Not economically efficient – more damage to the company than to the homeowner, but could lead to an efficient result
Boomer v. Atlantic - *pg. 759* granted temporary injuction, to be lifted when the defendant paid the π permanent damages (a conditional injunction) But π doesn't get to choose – they must take the money. Δ has the choice here, can either deal with the injunction, or can pay off π.
Compensation is measured through a market based approach.
Economically fair, but could be undercompensation, not compensating for the loss of enjoyment of the yard.
Problem – permanent damages paid means Δ has no incentive to fix the problem. Already paid "total" damages. Also dissent says it licenses a continued wrong.
Spur v. Webb – pg. 766 – Grants injunction, but forces party who "came to the nuisance" to compensate the nuisance for having to move. Coming to the nuisance An exisiting community of sensitve users, place a nuisance in the middle. The nusiance COMES TO the area of sensitive people. Easy case – fault is the person who came to the senisitve area, evict.
Where a sensitive party moves right next to a pre-exisitng nuisance. Harder case, because it wouldn't be a nuisance if the sensitive party hadn't come there. First in time issue
If you "come to the nuisance" you assume the risk, but if the nuisance was not forseaable, then coming is not unlawful.
Fairness Spur didn't do anything wrong. Del Webb came to it. But the court grants injunction. Why? Because of the people Del Webb brought with them. Unfair to the public interest. There is a city now.
So the court issues the injunction, but then requires Del Webb to pay Spur for the cost of moving or shutting down. The burden is not entirely on Spur
Limited to cases where the nuisance creator could foresee the nuisance.
Fair? Seem so. Del Webb got the land cheap because of the nusiance, shouldn't be allowed to get double benefit (cheap land and no nuisance)
Quick overview of Remedies Abate the activity by injuction relief – the typical case
Continue the activity if you pay damages – socially important nuisance, necessary, balance weighs in favor of nuisance, but unfair to punish the other
Continue by denying all relief – where one comes to the nusiance
Abate activity, but other party pays damages for the cost of abatement.
Servitudes
2 Types Easements Easements
Profits
Licenses – not technially an easement, but similar
Covenants Real covenants
Equitable servitudes
Easements Easements (little e) – gives someone a right to enter on land of another and USE it
Profits – gives someone a right to enter on land of another and TAKE something from it.

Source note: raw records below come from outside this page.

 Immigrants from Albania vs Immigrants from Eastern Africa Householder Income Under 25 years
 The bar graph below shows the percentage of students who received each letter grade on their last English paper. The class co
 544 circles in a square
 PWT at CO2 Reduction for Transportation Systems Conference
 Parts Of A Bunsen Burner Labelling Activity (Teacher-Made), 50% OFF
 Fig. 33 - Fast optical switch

Both are legal interests in land, but aren't estates in land
Classified in three ways by law Basic dicotomy – must be either an Easement appurtenant – when in creation it is attached to a piece of land other than the one the easement is on, and it benefits the owner of the other piece of land. Requires two pieces of land The dominant tenement (land whose owner is benefited)
The servient tenement (land burdened by the easement)
Can't be dettached from the dominat tenement without consent of BOTH owners
COURTS PREFER EASEMENTS APPURTENENT)
Easement in gross – intended to benefit the owner of land, but intended to exist without a dominate estate X owns an easment, not by virture of owning land, but owns it as a person (ex. – X has a right to go onto Y's land and pick apples) X is the dominant tenant *but no dominant tenement)
Y is the servient tenant and his land is the servient tenement
Typically a profit, but could be an easement
Can be alienated without consent of the servient tenant
By means of creation – by how it was created By prescription, by express provision, by implication, by estoppel, by eminent domain
By the difference between easements and profits (definitional) An easement gives the owner only a right to use land with no right to take anything from it
A profit allows the owner to take something from the land and includes an implied right to use the land to the extent necessary to be able to take from the land.
Willard case (pg. 785, notes 11/12) – an easement can be reserved in a 3rd party – sold the land, with an easement for the church to use the lot.
Licenses – an alternative way to get the same result as an easment, but it is not an interest in land, only a right to use land. Oral licenses are enforceable
Permission to do something on someone's land
A defense to trespass
Revokable at any time Unless it is connected with an interest in land (license to enter and hunt – have a profit, with an implied license to enter, can't revoke that license)
Can't revoke if estopped – equitable discretion of the court.
An irrevokable license is functionally the same as an easement.
Easement Cases Holbrook v. Taylor – H has land, T bought some to build house, asks H if he can use land as access road, H says yes. H later blocks road, T sues. Easement by estoppel – blocking the road is inequitable, H would be unjutly enriched by barring T's use. T had reliance on the use of the land. Permission plus substantial investment is an irrevokable license. H can't take away the easement. Estoppel easements last as long as there would be an injustice if it were taken away – ie. as long as the investment is present, if the investment is gone, no reason for estoppel.
Argues Easement by prescription (like by adverse possession) – court says no. Need hostility for prescription – no hostility, or adverse possession, not continuous use.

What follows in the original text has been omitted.